Written by, Ennis Carter
Founder and Executive Director of Social Impact Studios
For the past three years, I’ve been fortunate enough to teach a class at Peters Valley School of Craft. It’s a weekend intensive called “Crafting Yourself…Online” and it’s all about helping artists share their experience and work with the big, bad world of the internet. Every year has been a great experience. Students have learned that digital technology is a tool just like the handheld ones mastered in their craft. And there have been a lot of “a-ha” moments about connecting to community that helped free them from the common aversion to sharing their work online.
But this year’s class was very different from the last two years. It was more pinpointed and focused on actual making with only a fraction of the time spent on theory. It was more customized so each person excelled at their own individual level. And it was surprisingly more tiring than the years when I think we covered more ground. What was different? It wasn’t the skill level or the willingness of the students. It wasn’t the tools themselves or even the way I taught them. I think the big difference this year was that I had a much deeper understanding of what “The Craft School Experience” is really all about.

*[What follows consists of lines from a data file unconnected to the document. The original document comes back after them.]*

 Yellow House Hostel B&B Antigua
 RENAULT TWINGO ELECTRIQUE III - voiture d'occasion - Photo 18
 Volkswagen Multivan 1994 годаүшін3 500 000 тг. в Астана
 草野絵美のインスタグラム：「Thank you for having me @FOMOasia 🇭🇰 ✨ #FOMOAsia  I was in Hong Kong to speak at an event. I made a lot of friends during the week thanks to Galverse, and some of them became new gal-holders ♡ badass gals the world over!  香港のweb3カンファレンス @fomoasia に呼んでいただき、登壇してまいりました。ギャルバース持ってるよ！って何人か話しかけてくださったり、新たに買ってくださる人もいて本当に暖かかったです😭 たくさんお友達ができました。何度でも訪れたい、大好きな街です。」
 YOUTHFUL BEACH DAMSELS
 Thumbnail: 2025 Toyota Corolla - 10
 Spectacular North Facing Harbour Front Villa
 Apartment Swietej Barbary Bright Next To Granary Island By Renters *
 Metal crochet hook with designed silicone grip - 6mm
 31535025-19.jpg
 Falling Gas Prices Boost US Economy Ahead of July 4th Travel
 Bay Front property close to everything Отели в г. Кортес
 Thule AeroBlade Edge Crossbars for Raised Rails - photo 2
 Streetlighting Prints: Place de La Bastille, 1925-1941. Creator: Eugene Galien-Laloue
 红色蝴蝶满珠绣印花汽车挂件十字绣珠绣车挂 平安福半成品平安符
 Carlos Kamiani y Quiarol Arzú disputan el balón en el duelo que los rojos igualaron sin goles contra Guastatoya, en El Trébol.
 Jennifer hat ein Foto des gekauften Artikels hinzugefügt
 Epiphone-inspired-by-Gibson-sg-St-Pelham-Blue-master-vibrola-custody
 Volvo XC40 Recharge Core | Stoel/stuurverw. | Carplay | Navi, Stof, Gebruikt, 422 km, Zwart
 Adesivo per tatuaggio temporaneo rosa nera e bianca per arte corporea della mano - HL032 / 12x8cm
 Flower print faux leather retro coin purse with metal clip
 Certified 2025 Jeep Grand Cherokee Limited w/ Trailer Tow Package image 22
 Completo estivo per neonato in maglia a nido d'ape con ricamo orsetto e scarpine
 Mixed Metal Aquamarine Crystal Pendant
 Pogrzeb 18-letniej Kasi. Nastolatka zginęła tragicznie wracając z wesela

For the last year and a half, I have been immersed in a national campaign to promote five craft schools from across the U.S. At Social Impact Studios, we know that the best marketing isn’t marketing at all – it’s mission-work, it’s storytelling and it comes from the true values that are at the heart of every organization and effort. So, when we lead a campaign we always start there to deeply understand what is at the core. What we often discover is that the organizations we work with need to dig deeply to uncover those core elements - especially if it’s a coalition effort – and are refreshingly reminded of the most important things that make their work meaningful. Through several in-person meetings with leaders from Arrowmont, Haystack, Penland, Peters Valley and Pilchuck, I was lucky to be part of meaningful conversation about the shared values at the heart of this unique educational experience. Values like “respect,” “growth,” “generosity,” and “process,” – among so many others – resonated with me personally and informed the creative direction for a public campaign. Through developing the campaign, visiting schools first-hand to talk with students, teachers and staff, I got to see those values in action and absorb, slowly, the unique qualities that join these schools together.
The class I teach regularly at Peters Valley is designed to be a weekend intensive survey course to help people jump into the world of online communication to share their work and connect with people who may be looking for what they do. It’s a big task because so many people who gravitate toward the world of craft are seeking something deeper, more in-touch, and less superficial than the way most of the internet is used. The approach in the past has been to expose students to a wide variety of outlets and have them dabble and test out options while learning key theory behind how these tools are best used. It’s worked to help people feel a little more comfortable and to “get started.”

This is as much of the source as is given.